Lines to restate from the data below: from the one containing "pied pour seau" to the one containing "2008 Freightliner Columbia, белый, 1500000", both included. Give them again exactly, and only them.

*** Opening of Information given ***

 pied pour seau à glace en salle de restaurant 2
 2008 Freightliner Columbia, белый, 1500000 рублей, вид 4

*** Close of Information given ***
*** Opening of Information given ***

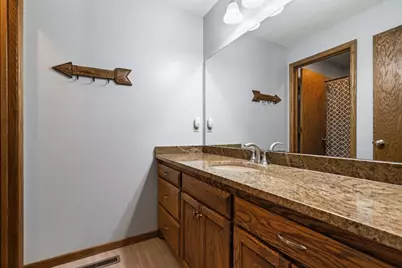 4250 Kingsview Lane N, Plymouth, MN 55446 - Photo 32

*** Close of Information given ***

> Output for this exercise:
 pied pour seau à glace en salle de restaurant 2
 2008 Freightliner Columbia, белый, 1500000 рублей, вид 4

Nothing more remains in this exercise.